■ **What is needed**
Would you transcribe exactly the lines from the one containing "HI license plate ZTS160" to the last line of the data below, both ends included, but none of the pictures?

---- Given records

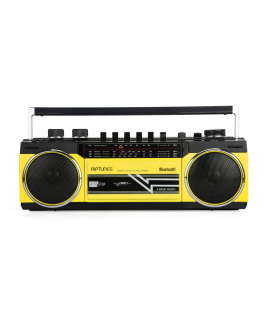Riptunes Retro AM/FM/SW Radio + Cassette Boombox with Bluetooth and USB/SDHC Playback, Yellow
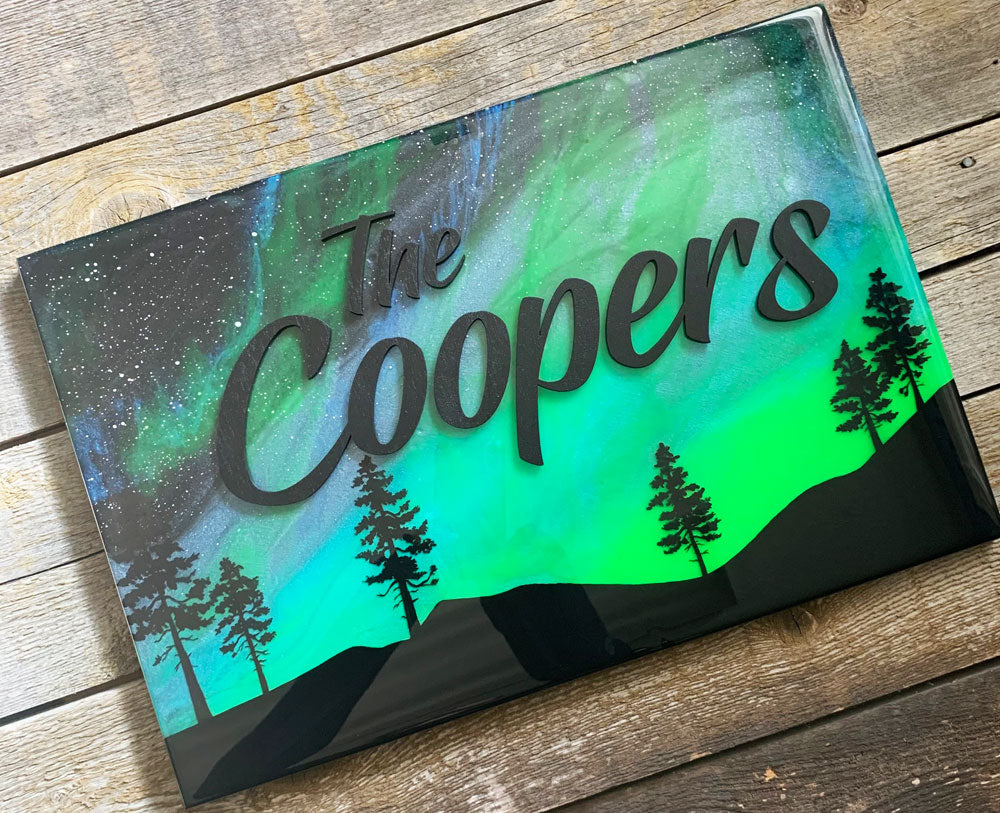 Northern Lights Resin Art Family Name Sign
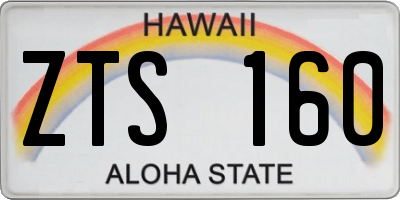 HI license plate ZTS160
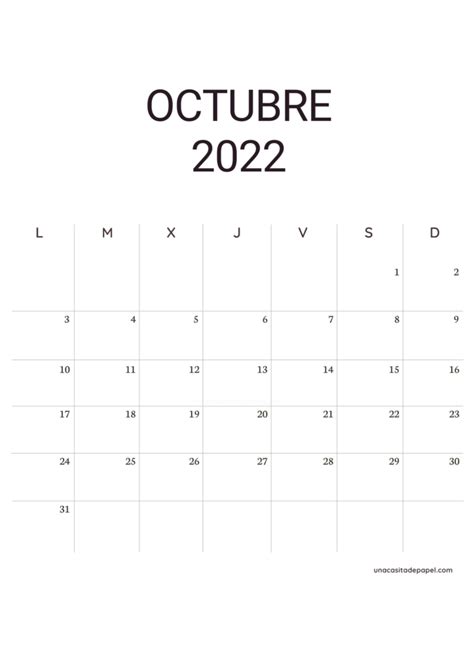 Calendario Octubre 2022 Para Imprimir Gratis Una Casita De Papel En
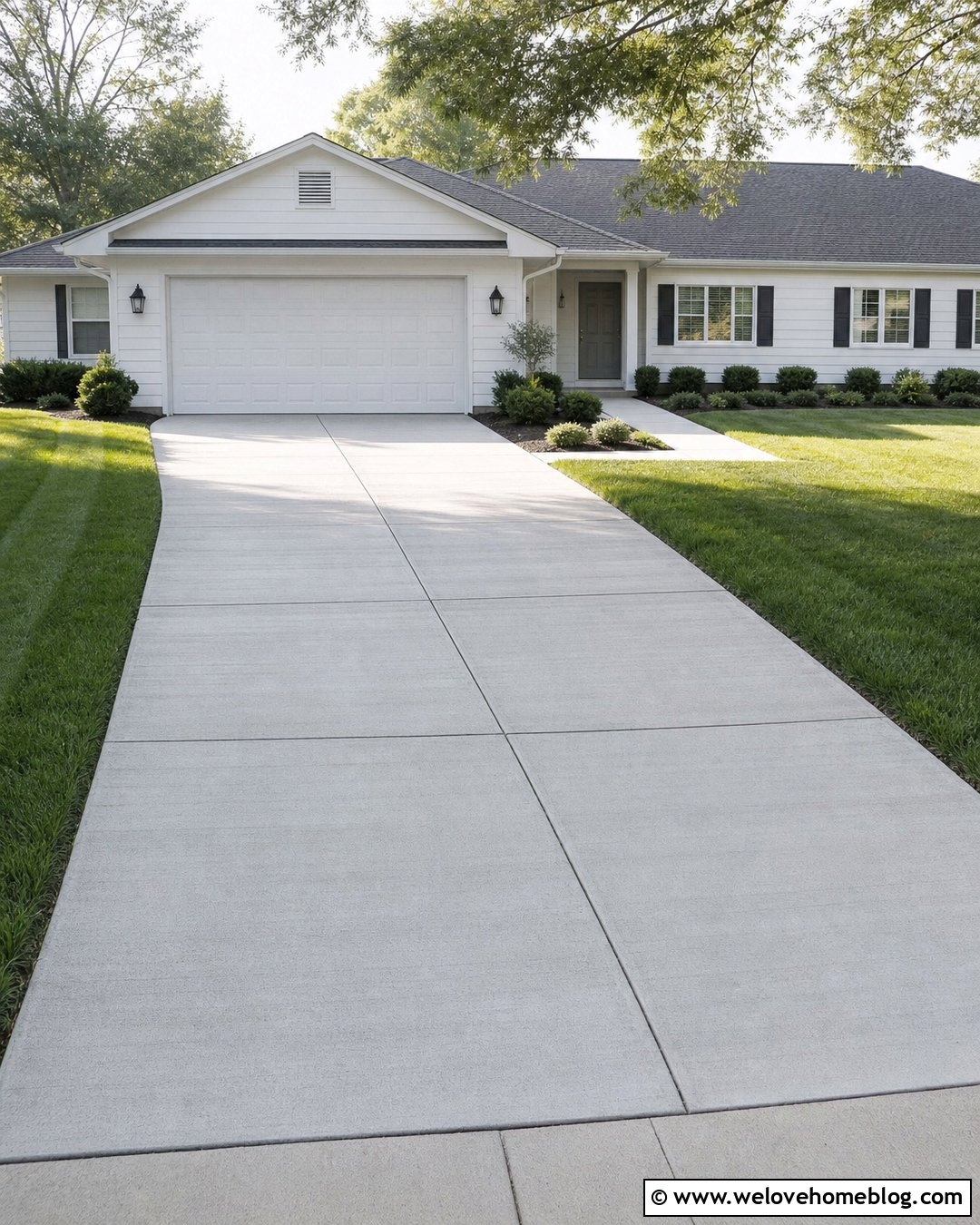 Light Gray Concrete Driveway With Grass Borders - 20 Clean Concrete Driveway Ideas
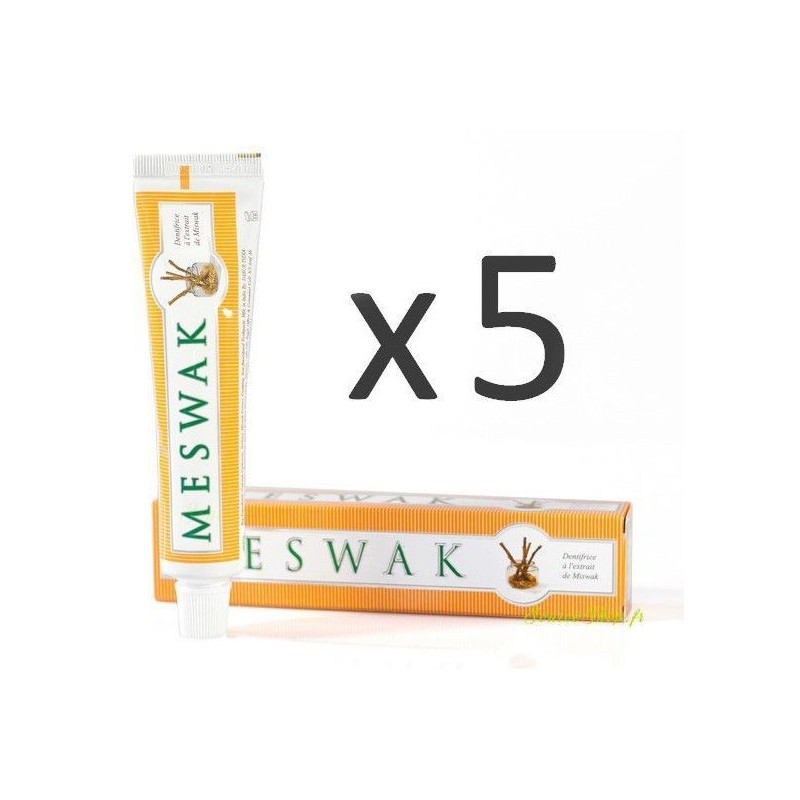 Lot de 5 Dentifrices ayurvédiques au meswak - siwak - Kerala Nature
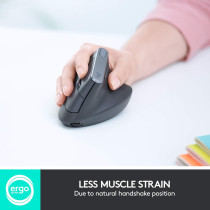 Logitech MX Vertical Wireless Mouse Advanced Ergonomic Design Reduces Muscle Strain, Control and Move Content Between 3 Windows and Apple Computers (Bluetooth or USB), Rechargeable, Graphite
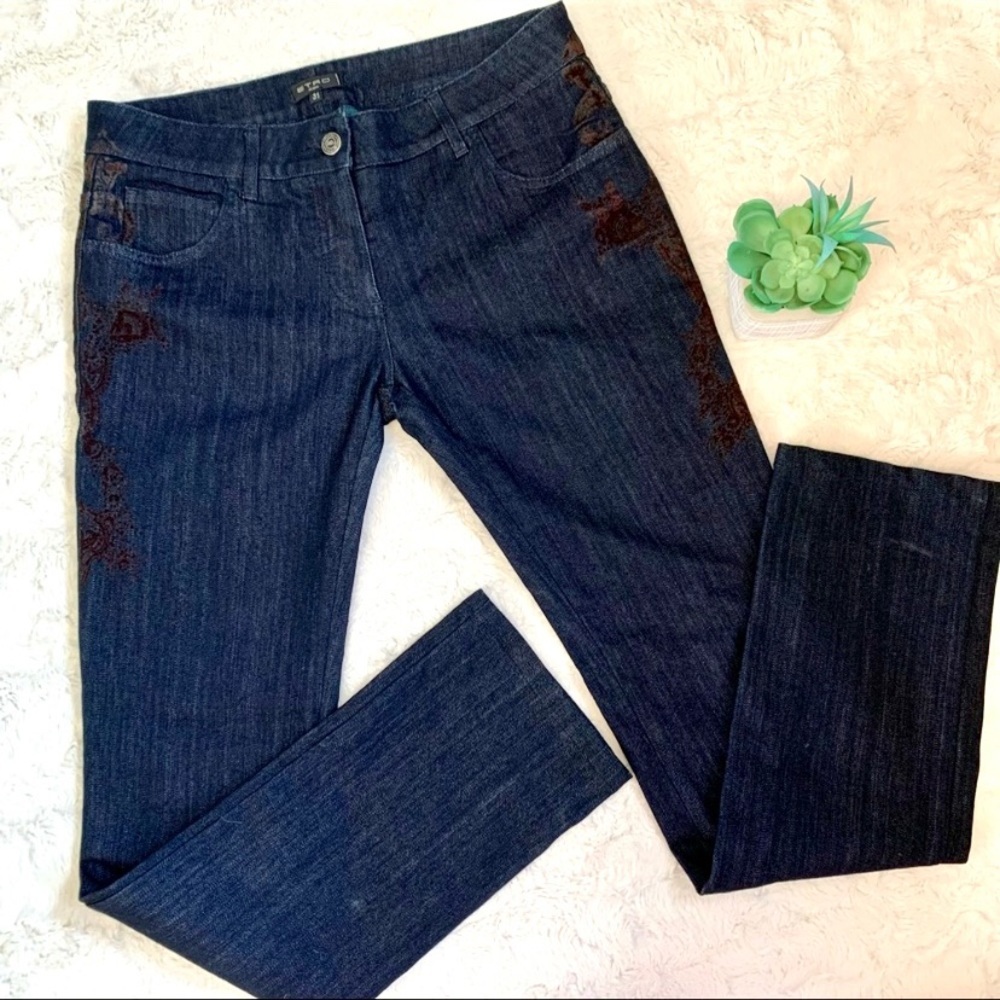 Trade/sell Etro Milano dark wash brown velvet velour paisley design side jeans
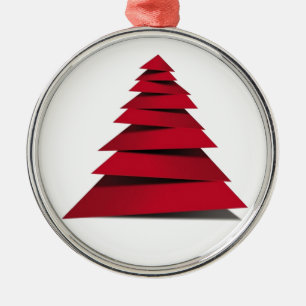 ROTER UND NIEDLICHER KRAFTCHENBAUM ORNAMENT AUS METALL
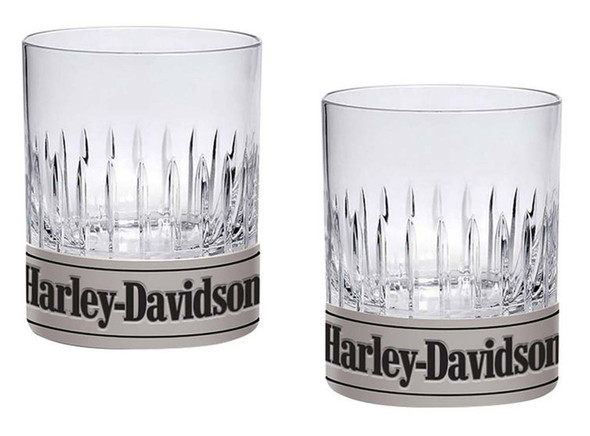 [LAC-02079-4] Old Fashioned Rocks 9 oz. Glasses Metal Base (Set of 2)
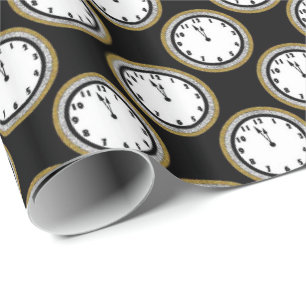 New Years Eve clock party wrap Wrapping Paper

--------

■ **Task answer**
 HI license plate ZTS160
 Calendario Octubre 2022 Para Imprimir Gratis Una Casita De Papel En
 Light Gray Concrete Driveway With Grass Borders - 20 Clean Concrete Driveway Ideas
 Lot de 5 Dentifrices ayurvédiques au meswak - siwak - Kerala Nature
 Logitech MX Vertical Wireless Mouse Advanced Ergonomic Design Reduces Muscle Strain, Control and Move Content Between 3 Windows and Apple Computers (Bluetooth or USB), Rechargeable, Graphite
 Trade/sell Etro Milano dark wash brown velvet velour paisley design side jeans
 ROTER UND NIEDLICHER KRAFTCHENBAUM ORNAMENT AUS METALL
 [LAC-02079-4] Old Fashioned Rocks 9 oz. Glasses Metal Base (Set of 2)
 New Years Eve clock party wrap Wrapping Paper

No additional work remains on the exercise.